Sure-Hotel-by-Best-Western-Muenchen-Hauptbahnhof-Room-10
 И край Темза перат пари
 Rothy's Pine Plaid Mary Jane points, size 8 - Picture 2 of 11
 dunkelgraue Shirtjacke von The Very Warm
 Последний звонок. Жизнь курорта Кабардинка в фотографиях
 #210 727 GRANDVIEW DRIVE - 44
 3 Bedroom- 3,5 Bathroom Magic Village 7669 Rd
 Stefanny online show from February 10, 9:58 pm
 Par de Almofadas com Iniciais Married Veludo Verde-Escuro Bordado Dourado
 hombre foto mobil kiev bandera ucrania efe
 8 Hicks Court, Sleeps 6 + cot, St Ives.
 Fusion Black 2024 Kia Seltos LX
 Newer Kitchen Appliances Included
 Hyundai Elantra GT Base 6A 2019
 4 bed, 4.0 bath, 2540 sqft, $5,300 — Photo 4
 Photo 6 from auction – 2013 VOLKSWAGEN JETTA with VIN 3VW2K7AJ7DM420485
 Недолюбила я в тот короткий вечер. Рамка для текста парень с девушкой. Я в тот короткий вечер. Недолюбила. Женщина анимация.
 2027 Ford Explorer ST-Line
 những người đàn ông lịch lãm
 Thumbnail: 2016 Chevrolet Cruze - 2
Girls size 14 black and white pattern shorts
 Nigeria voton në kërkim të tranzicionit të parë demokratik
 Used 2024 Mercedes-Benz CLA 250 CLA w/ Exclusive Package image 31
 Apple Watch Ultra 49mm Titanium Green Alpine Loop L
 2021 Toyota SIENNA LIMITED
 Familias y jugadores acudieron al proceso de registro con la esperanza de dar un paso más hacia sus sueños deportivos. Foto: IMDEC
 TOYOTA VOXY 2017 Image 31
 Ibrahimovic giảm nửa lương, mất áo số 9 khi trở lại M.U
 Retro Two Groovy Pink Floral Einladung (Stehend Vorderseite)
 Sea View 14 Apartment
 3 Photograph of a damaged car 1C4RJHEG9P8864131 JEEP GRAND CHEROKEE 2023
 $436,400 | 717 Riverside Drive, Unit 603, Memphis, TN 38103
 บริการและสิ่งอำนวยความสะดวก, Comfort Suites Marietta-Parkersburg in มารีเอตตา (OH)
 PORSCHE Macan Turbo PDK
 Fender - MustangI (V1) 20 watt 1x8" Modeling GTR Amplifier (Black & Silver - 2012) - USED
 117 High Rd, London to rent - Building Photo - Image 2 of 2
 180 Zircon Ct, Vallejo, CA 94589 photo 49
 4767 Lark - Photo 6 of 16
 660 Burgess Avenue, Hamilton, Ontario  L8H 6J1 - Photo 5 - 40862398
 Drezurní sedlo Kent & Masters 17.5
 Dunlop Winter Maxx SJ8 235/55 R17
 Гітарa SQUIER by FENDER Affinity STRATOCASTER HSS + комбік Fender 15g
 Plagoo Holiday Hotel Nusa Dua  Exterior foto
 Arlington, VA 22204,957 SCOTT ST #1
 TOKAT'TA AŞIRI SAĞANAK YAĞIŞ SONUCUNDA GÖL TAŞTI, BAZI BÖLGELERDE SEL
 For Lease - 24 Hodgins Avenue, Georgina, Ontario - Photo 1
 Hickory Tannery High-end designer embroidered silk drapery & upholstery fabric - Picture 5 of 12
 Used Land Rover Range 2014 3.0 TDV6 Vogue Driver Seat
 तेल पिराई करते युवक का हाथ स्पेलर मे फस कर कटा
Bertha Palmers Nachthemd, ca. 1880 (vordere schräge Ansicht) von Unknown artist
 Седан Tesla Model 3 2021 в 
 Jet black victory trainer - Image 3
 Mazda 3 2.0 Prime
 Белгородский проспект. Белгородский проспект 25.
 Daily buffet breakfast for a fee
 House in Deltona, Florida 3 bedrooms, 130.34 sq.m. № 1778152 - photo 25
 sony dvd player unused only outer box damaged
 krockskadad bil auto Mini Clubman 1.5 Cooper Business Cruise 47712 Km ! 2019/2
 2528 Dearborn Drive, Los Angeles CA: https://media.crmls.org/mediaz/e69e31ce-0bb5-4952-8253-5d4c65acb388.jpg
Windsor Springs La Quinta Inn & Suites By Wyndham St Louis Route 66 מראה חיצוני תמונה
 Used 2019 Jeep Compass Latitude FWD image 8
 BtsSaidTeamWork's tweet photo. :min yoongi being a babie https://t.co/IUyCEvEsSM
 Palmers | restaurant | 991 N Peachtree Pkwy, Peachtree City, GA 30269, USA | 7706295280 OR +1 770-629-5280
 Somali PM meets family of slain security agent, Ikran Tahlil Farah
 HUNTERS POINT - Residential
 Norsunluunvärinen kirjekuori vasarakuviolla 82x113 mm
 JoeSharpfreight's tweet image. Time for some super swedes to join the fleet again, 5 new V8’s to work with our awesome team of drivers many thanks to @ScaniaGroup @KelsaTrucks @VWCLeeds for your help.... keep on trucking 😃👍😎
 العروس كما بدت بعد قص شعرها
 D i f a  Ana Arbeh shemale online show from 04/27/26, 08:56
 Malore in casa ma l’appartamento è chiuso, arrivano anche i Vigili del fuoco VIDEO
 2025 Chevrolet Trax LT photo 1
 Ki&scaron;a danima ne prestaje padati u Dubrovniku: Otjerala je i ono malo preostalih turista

+ + + + + + +

▶ **Aim of the task**
After locating the line with "บริการและสิ่งอำนวยความสะดวก, Comfort Suites" above, return that line and every later line through the one with "Norsunluunvärinen kirjekuori vasarakuviolla", word for word and with nothing else.

▶ **Answer area**
 บริการและสิ่งอำนวยความสะดวก, Comfort Suites Marietta-Parkersburg in มารีเอตตา (OH)
 PORSCHE Macan Turbo PDK
 Fender - MustangI (V1) 20 watt 1x8" Modeling GTR Amplifier (Black & Silver - 2012) - USED
 117 High Rd, London to rent - Building Photo - Image 2 of 2
 180 Zircon Ct, Vallejo, CA 94589 photo 49
 4767 Lark - Photo 6 of 16
 660 Burgess Avenue, Hamilton, Ontario  L8H 6J1 - Photo 5 - 40862398
 Drezurní sedlo Kent & Masters 17.5
 Dunlop Winter Maxx SJ8 235/55 R17
 Гітарa SQUIER by FENDER Affinity STRATOCASTER HSS + комбік Fender 15g
 Plagoo Holiday Hotel Nusa Dua  Exterior foto
 Arlington, VA 22204,957 SCOTT ST #1
 TOKAT'TA AŞIRI SAĞANAK YAĞIŞ SONUCUNDA GÖL TAŞTI, BAZI BÖLGELERDE SEL
 For Lease - 24 Hodgins Avenue, Georgina, Ontario - Photo 1
 Hickory Tannery High-end designer embroidered silk drapery & upholstery fabric - Picture 5 of 12
 Used Land Rover Range 2014 3.0 TDV6 Vogue Driver Seat
 तेल पिराई करते युवक का हाथ स्पेलर मे फस कर कटा
Bertha Palmers Nachthemd, ca. 1880 (vordere schräge Ansicht) von Unknown artist
 Седан Tesla Model 3 2021 в 
 Jet black victory trainer - Image 3
 Mazda 3 2.0 Prime
 Белгородский проспект. Белгородский проспект 25.
 Daily buffet breakfast for a fee
 House in Deltona, Florida 3 bedrooms, 130.34 sq.m. № 1778152 - photo 25
 sony dvd player unused only outer box damaged
 krockskadad bil auto Mini Clubman 1.5 Cooper Business Cruise 47712 Km ! 2019/2
 2528 Dearborn Drive, Los Angeles CA: https://media.crmls.org/mediaz/e69e31ce-0bb5-4952-8253-5d4c65acb388.jpg
Windsor Springs La Quinta Inn & Suites By Wyndham St Louis Route 66 מראה חיצוני תמונה
 Used 2019 Jeep Compass Latitude FWD image 8
 BtsSaidTeamWork's tweet photo. :min yoongi being a babie https://t.co/IUyCEvEsSM
 Palmers | restaurant | 991 N Peachtree Pkwy, Peachtree City, GA 30269, USA | 7706295280 OR +1 770-629-5280
 Somali PM meets family of slain security agent, Ikran Tahlil Farah
 HUNTERS POINT - Residential
 Norsunluunvärinen kirjekuori vasarakuviolla 82x113 mm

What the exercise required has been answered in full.